- Task description -
Range to repeat from the listing below: the line containing "Plugging T = 0, T" down to the line containing "Information is the", both included. Copy it exactly, pictures excluded, and add nothing else.

- Data shown -
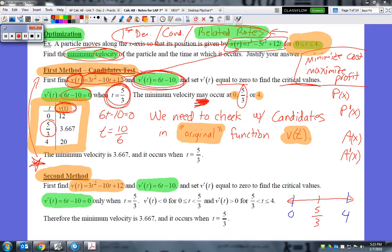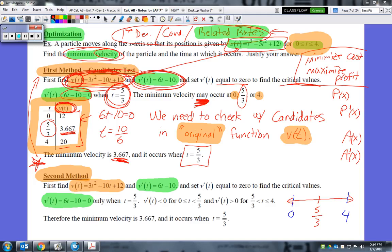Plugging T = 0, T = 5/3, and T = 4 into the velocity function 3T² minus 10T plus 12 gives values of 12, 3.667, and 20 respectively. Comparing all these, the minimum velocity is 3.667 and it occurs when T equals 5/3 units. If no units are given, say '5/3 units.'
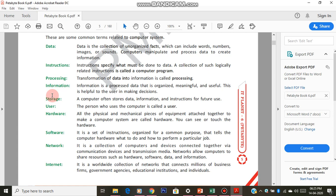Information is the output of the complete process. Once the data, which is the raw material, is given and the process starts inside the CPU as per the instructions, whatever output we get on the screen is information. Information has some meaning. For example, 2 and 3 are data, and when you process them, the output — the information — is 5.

...

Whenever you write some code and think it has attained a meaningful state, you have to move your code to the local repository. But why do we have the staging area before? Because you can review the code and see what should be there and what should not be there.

--

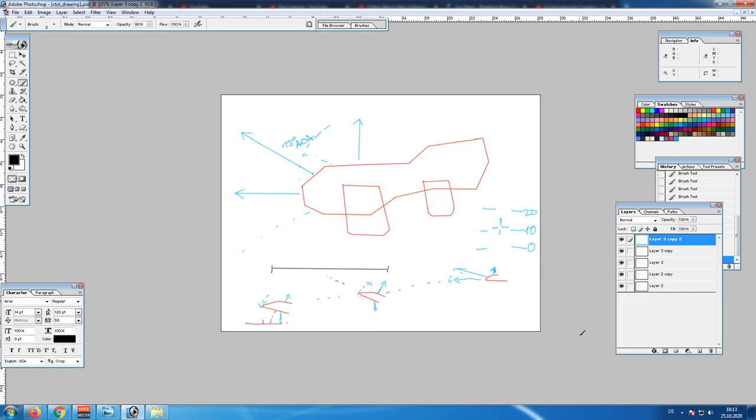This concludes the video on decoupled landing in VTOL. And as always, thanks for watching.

- Response to this task -
Plugging T = 0, T = 5/3, and T = 4 into the velocity function 3T² minus 10T plus 12 gives values of 12, 3.667, and 20 respectively. Comparing all these, the minimum velocity is 3.667 and it occurs when T equals 5/3 units. If no units are given, say '5/3 units.'
Information is the output of the complete process. Once the data, which is the raw material, is given and the process starts inside the CPU as per the instructions, whatever output we get on the screen is information. Information has some meaning. For example, 2 and 3 are data, and when you process them, the output — the information — is 5.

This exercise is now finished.